One of the primary points of interest is a dungeon building tool, which has been a major focus for Jacobs. This tool is primarily being used to craft a location known as The Depths, but it’s also being heralded as a way for the entire team to more easily create other dungeon delves and underground mines moving forward.

Another major note that Jacobs discusses is related to character progression, which will primarily be focused on characters growing stronger with repeated use of a weapon or item, along with a skill tree that’s described as branching but easy to read and mechanically uniform between combatants and crafters. Jacobs also promised more details on the progression system in a separate presentation next month.

The rest of the livestream took player questions, where Jacobs confirmed the studio has hit its hiring goal, discussed the effect of RNG on crafting and its intended limited impact, talked about the social cooperation inherent in an RvR title, and contextualized the team’s recent UI overhaul.

Meanwhile, the June monthly development report notes other updates on alloy stats, NPC behavior and AI, and several crafting updates related to UI, item salvaging, and item stats, followed by another look at crafting’s recent addition of alloys and mechanics with picture accompaniment.

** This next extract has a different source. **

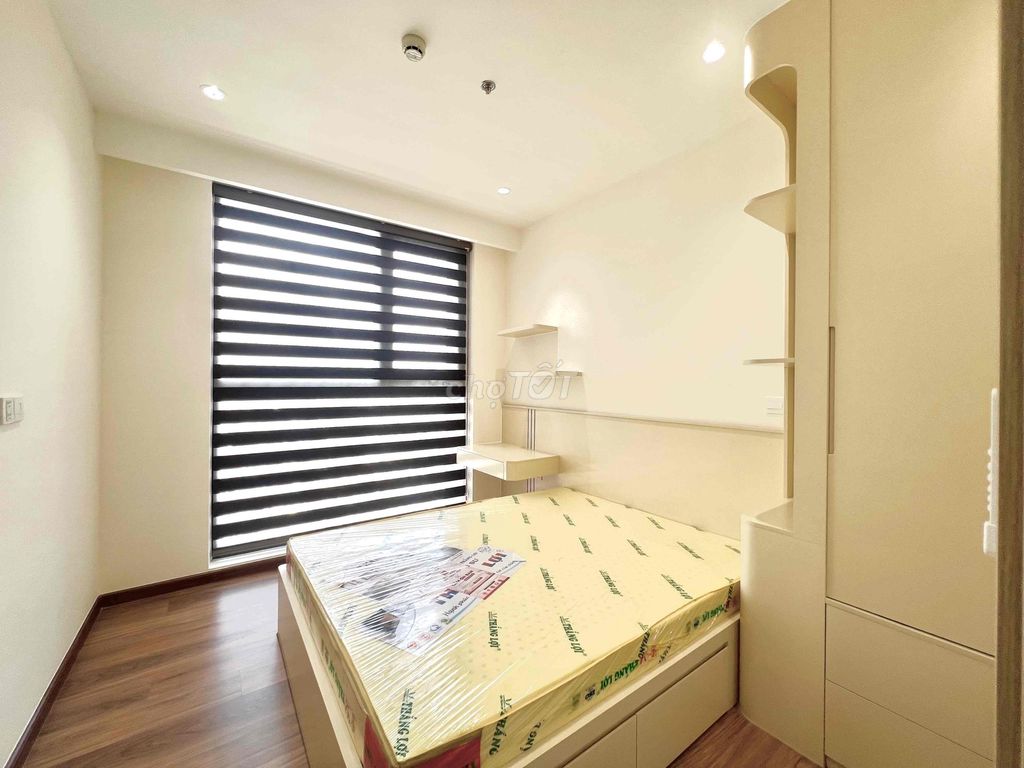 Rent two bedrooms, two toilets, 17 million ath a year, high-end interior.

MMORPG veterans will know that Camelot Unchained, which was originally Kickstarted in 2013, has taken flak over the years thanks to delays, the founding of a second studio, the announcement of a second game using CU’s custom-built engine, delayed refunds, and lack of accountability. The game entered its “beta one” phase back in 2018, with tests capable of putting 3000 humans and bots on the battlefield simultaneously. Though CSE said in 2021 it was still paying refunds and working on both games, some players still say their 2020 refunds haven’t processed, and Final Stand Ragnarok is unpopulated. As of 2023, CSE raised an additional $15M from investors and claims to be “hiring like crazy” but is still evading press inquiries.